Not that in the years I spent there, I ever felt it was my room. When I was little, no toys or colouring books were ever allowed to be left out anywhere. His head would suddenly appear around the doorway and if one small object was in what he thought was the wrong place, he took it away from me. When I was older and had real homework to complete, I tried to make it a place I was happy to work in, but the only concession he made to my changing my room around was to place a desk and a hard-backed chair under the window. Once finished, all paperwork had to be placed either in my satchel or in one of the drawers. And no, I couldn’t hang a picture or pin up a poster. Even my pens had to be lined up neatly. As for books, there was a library, wasn’t there? No more than two books were allowed in our house at any one time.
The flat was his domain and he controlled every part of it. And how had that come about? I simply couldn’t understand how my once-bossy mother had become so subservient. It’s as though once he came into our lives the badness within him seeped into her as well. I soon came to realise that she was not just putting up with his tyrannical behaviour, she was enjoying it.
‘I’m doing it all for you and your mother,’ he told us repeatedly when at weekends he rolled up his sleeves and armed with a variety of paintbrushes, commenced work. He decided we needed a nice place to live in, my mother would say proudly to both her family and me.
A pride she had never shown in anything Dad did when they were together.
Right from the start, I knew that when he said the flat had to look good enough for us, he meant good enough for h
im. God forbid he’d live somewhere that didn’t look expensive or cost a lot!
Now I did say everywhere was dark, that is everywhere except the narrow hall that we almost had to squeeze through the front door to enter. For some reason he chose the palest wallpaper he could find, so pale it was nearly pure white, patterned with rows of faint blue dots. It hardly went with the rest of the house – not that I thought then that maybe it was there for a reason.
* * *
I was in my room feeling almost happy when I heard the front door open and knew he was in. Just what lesson was he going to start on that evening? The day before, it was sums and even though I had got everything right, he still yelled at me.
I knew it made him furious when I did well.
‘Idiot savant,’ he once called me. Then, gripping me by the arms, he leant forward, his face inches from mine. ‘That means, Emily, that you are nothing but a clever idiot so don’t think for a moment because you can add up, it means anything. Even an idiot can get one thing right!’
Good thing he hadn’t found out I could read as well, I thought, when I heard the front door open and knew with a shiver that he was back.
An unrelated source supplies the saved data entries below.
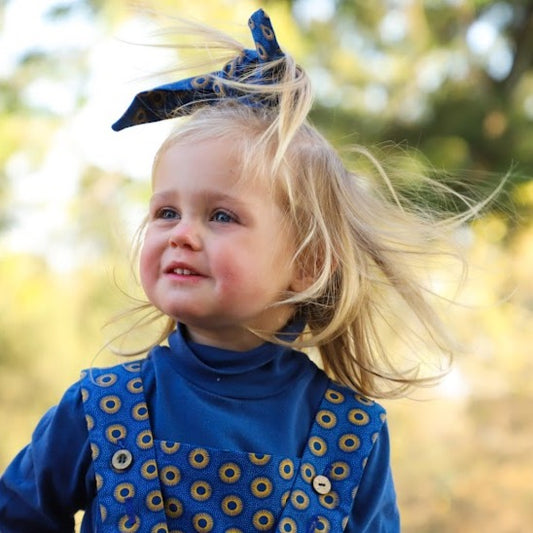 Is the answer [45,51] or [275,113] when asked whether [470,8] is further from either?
[275,113]

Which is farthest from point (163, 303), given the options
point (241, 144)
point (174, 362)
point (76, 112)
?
point (76, 112)

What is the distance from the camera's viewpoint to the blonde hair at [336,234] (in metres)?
1.29

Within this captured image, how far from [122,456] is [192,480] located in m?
0.08

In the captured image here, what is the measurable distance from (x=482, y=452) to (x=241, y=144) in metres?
2.85

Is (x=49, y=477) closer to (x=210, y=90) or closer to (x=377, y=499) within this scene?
(x=377, y=499)

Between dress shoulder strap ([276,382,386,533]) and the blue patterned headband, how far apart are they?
40cm

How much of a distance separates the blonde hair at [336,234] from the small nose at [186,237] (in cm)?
10

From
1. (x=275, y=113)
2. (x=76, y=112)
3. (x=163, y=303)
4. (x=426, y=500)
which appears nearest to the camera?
(x=163, y=303)

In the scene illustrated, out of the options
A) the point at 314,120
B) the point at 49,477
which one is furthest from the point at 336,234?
the point at 314,120

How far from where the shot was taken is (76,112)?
119 inches

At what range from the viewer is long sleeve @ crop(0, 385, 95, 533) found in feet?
3.87

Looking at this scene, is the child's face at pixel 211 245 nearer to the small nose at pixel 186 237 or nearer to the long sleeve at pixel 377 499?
the small nose at pixel 186 237

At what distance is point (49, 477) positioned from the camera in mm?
1184

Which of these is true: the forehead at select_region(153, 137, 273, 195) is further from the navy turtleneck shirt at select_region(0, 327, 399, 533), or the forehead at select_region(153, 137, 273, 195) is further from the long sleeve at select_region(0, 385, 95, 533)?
the long sleeve at select_region(0, 385, 95, 533) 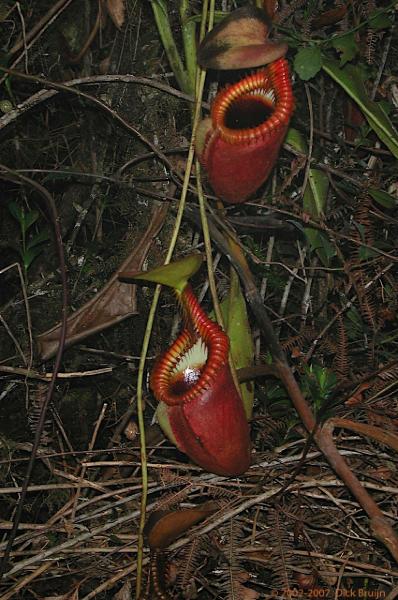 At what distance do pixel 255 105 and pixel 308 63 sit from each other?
159mm

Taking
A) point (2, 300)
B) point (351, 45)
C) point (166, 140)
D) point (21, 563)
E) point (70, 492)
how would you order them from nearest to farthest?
1. point (21, 563)
2. point (351, 45)
3. point (70, 492)
4. point (166, 140)
5. point (2, 300)

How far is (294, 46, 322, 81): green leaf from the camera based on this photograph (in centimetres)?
156

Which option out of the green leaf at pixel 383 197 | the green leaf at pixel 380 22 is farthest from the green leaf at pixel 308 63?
the green leaf at pixel 383 197

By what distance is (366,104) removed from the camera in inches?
65.8

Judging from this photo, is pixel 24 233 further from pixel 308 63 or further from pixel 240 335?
pixel 308 63

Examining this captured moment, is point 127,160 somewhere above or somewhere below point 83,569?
above

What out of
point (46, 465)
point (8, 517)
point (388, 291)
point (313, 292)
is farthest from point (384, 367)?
point (8, 517)

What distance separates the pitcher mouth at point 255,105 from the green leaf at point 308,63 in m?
0.06

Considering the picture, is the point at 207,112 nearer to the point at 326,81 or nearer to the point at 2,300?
the point at 326,81

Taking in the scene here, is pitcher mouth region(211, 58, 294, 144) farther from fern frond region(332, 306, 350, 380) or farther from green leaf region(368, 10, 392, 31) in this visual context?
fern frond region(332, 306, 350, 380)

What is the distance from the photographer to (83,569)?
158 cm

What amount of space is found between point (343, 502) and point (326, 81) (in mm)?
1212

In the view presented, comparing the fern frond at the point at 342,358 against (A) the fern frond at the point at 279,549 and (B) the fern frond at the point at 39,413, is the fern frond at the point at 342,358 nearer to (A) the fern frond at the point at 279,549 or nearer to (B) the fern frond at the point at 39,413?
(A) the fern frond at the point at 279,549

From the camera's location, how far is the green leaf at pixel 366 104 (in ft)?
5.44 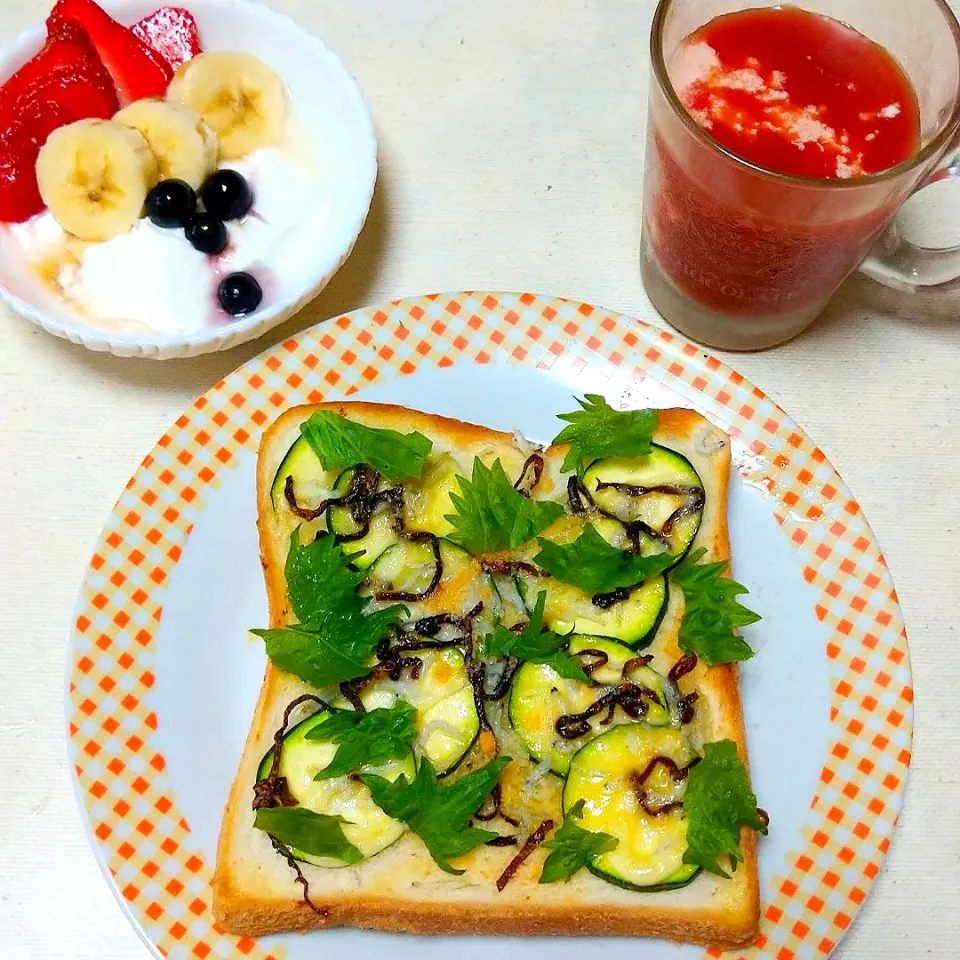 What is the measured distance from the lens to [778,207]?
188cm

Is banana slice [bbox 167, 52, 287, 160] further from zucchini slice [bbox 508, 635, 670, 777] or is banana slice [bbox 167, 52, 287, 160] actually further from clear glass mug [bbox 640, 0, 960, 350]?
zucchini slice [bbox 508, 635, 670, 777]

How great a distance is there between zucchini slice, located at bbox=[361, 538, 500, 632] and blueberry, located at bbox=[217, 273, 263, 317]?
70 centimetres

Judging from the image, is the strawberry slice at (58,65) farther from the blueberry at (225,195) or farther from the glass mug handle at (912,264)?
the glass mug handle at (912,264)

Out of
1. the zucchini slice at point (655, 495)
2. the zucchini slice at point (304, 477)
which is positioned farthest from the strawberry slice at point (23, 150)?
the zucchini slice at point (655, 495)

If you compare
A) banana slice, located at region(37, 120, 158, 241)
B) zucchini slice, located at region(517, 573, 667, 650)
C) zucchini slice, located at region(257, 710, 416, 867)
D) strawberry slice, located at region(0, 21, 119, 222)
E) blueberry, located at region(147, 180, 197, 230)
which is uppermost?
strawberry slice, located at region(0, 21, 119, 222)

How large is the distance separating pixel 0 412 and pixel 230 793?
1.12m

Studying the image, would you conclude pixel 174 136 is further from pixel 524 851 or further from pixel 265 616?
pixel 524 851

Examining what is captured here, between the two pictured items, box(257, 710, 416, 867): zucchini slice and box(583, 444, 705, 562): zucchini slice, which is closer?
box(257, 710, 416, 867): zucchini slice

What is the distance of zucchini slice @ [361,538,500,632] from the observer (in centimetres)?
197

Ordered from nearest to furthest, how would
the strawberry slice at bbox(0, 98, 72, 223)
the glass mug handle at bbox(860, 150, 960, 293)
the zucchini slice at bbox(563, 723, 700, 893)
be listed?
the zucchini slice at bbox(563, 723, 700, 893)
the glass mug handle at bbox(860, 150, 960, 293)
the strawberry slice at bbox(0, 98, 72, 223)

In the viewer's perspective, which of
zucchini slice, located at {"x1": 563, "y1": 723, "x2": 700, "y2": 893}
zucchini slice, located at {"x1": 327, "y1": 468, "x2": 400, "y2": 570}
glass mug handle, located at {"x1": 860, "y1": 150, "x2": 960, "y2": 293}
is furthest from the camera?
glass mug handle, located at {"x1": 860, "y1": 150, "x2": 960, "y2": 293}

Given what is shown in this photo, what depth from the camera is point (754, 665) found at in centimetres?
206

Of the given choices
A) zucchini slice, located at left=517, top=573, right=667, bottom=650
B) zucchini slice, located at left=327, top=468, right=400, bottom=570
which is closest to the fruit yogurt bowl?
zucchini slice, located at left=327, top=468, right=400, bottom=570

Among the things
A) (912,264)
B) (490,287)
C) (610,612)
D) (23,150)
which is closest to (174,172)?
(23,150) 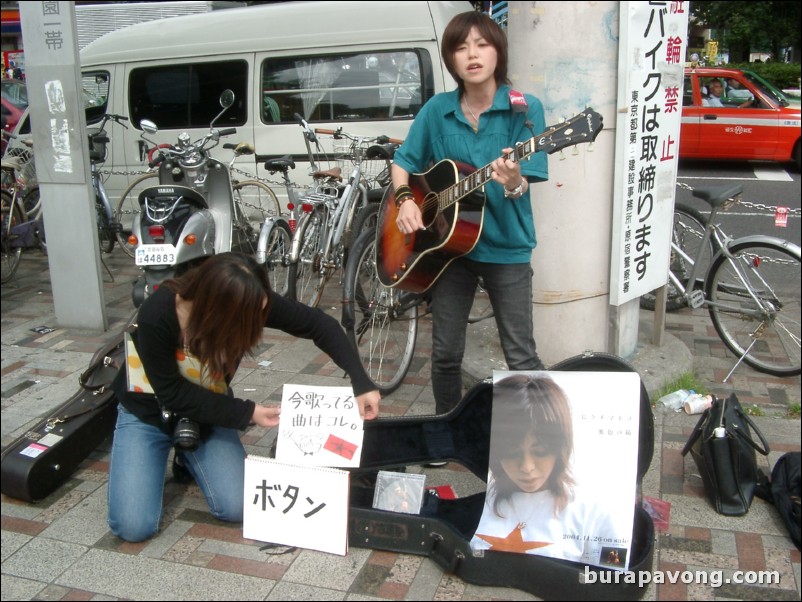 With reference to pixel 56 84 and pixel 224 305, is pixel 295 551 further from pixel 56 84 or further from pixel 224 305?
pixel 56 84

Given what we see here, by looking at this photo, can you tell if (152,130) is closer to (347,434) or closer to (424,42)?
(424,42)

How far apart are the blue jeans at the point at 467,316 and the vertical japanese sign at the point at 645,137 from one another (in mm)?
847

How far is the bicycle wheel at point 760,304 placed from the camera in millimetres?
4059

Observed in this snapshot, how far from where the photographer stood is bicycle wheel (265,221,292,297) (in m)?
5.22

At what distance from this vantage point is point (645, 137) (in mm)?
3580

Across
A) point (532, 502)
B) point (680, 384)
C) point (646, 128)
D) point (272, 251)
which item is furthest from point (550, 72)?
point (272, 251)

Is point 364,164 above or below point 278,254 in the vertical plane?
above

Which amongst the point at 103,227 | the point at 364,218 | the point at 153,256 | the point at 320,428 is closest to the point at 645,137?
the point at 364,218

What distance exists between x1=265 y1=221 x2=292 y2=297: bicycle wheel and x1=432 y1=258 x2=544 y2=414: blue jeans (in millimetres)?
2251

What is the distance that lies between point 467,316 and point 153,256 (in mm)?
2144

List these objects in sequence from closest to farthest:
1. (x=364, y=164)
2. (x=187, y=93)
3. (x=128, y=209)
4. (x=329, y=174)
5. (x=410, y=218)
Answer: (x=410, y=218) < (x=329, y=174) < (x=364, y=164) < (x=187, y=93) < (x=128, y=209)

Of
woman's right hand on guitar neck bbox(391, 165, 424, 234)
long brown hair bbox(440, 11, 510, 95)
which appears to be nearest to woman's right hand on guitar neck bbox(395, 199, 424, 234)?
woman's right hand on guitar neck bbox(391, 165, 424, 234)

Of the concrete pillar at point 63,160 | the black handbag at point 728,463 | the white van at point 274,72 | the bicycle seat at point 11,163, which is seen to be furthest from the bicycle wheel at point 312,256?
the bicycle seat at point 11,163

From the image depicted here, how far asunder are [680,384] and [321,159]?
376 cm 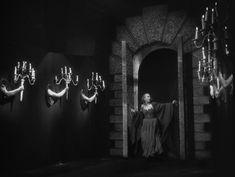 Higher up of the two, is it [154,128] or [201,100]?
[201,100]

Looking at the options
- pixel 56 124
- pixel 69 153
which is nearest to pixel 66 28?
pixel 56 124

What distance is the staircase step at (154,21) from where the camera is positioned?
292 inches

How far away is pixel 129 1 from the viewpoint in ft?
24.8

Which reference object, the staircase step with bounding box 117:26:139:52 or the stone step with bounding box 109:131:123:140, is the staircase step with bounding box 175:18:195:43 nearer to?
the staircase step with bounding box 117:26:139:52

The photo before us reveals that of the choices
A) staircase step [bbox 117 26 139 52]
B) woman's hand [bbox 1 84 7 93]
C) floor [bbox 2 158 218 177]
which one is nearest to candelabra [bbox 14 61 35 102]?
woman's hand [bbox 1 84 7 93]

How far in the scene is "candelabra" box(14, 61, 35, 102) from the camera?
534cm

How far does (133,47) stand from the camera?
7.68 meters

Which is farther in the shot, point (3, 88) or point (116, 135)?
point (116, 135)

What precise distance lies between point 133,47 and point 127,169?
304 cm

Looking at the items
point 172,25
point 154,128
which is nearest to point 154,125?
point 154,128

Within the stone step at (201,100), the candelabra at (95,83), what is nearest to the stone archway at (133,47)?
the candelabra at (95,83)

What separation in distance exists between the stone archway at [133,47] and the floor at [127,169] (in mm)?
639

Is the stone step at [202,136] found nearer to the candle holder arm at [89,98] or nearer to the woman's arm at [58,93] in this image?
the candle holder arm at [89,98]

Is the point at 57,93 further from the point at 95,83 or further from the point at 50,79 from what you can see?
the point at 95,83
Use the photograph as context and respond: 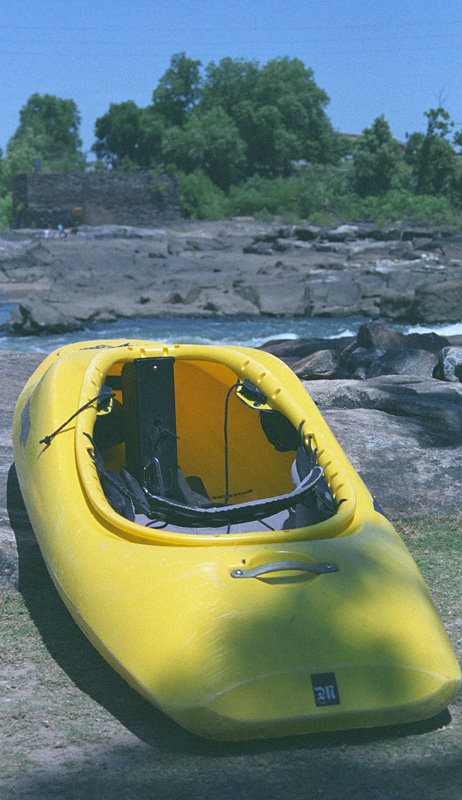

What’s going to happen tonight? I wondered, thinking for a moment that he was going to question me about my day at school. But something far worse occurred. The roar of rage that climbed up the stairs and into my ears told me to be wary of him.
‘Emily, get yourself down here now!’ he bellowed.
With shaking legs that barely held me upright, I left my room and went into the hall where he was standing, my mother at his side. I started to ask what was wrong, but before I had the chance, a firm grip on my shoulders turned me to face the wall.